Kami juga mendapatkan informasi bahwa terdapat upaya-upaya untuk menyelesaikan peristiwa pidana ini dengan jalan damai atau kekeluargaan. Upaya ini sempat dilakukan oleh Kasat Reskrim Polres Kota Lubuklinggau, namun keluarga menolak ajakan damai tersebut. Upaya-upaya serupa bahkan juga dilakukan oleh anggota kejaksaan, Babinsa hingga ketua organisasi mahasiswa di sebuah kampus. Jalan penyelesaian ini hanya akan menciptakan impunitas dan membuat para pelaku lari dari pertanggungjawaban hukum.

Peristiwa penyiksaan terhadap Alm. Hermanto juga kembali mempertegas kultur kekerasan yang masih mengakar dalam institusi Kepolisian. Praktik pelanggaran HAM semacam ini kembali menambah deretan hitam kinerja institusi Polri yang tak kunjung menunjukan tanda-tanda perbaikan. Lemahnya pengawasan, resistensi, minimnya evaluasi dan koreksi harus menjadi agenda perbaikan utama mengingat kejadian serupa akan berpotensi terus terjadi di kemudian hari. 

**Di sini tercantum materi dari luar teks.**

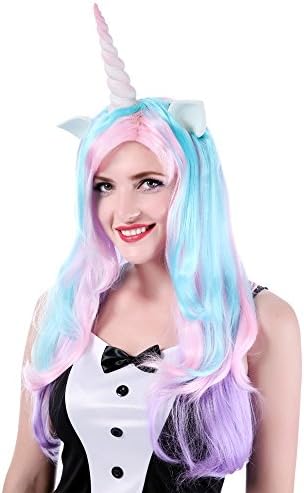 Long Curly Unicorn Cosplay Wig-28" Women Girls Synthetic Wavy Hair Wigs for Halloween Christmas Party Costume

Atas dasar penjelasan sebagaimana diuraikan di atas, kami mendesak berbagai pihak:

Pertama, Polres Kota Lubuklinggau untuk mengusut secara tuntas kasus upaya paksa sewenang-wenang, penyiksaan dan penggunaan kekuatan berlebihan secara profesional, transparan dan akuntabel. Mengingat kasus ini memiliki dimensi pidana dan etik, kedua mekanisme pengadilan tersebut harus diselenggarakan sesuai dengan ketentuan peraturan perundang-undangan. Dalam konteks pidana, kami mendesak agar ketentuan yang digunakan yakni pasal pembunuhan dalam KUHP. Sementara dalam ranah etik, kami mendesak agar para pelaku diberikan penjatuhan hukuman maksimal yakni PTDH.

Kedua, Polda Sumatera Selatan untuk menaruh perhatian terhadap kasus ini dengan melakukan pengawasan serta memastikan pengusutan diselenggarakan secara tuntas dan komprehensif;

Ketiga, Komnas HAM RI untuk proaktif melakukan pemantauan terhadap proses hukum pelaku penyiksaan Alm. Hermanto.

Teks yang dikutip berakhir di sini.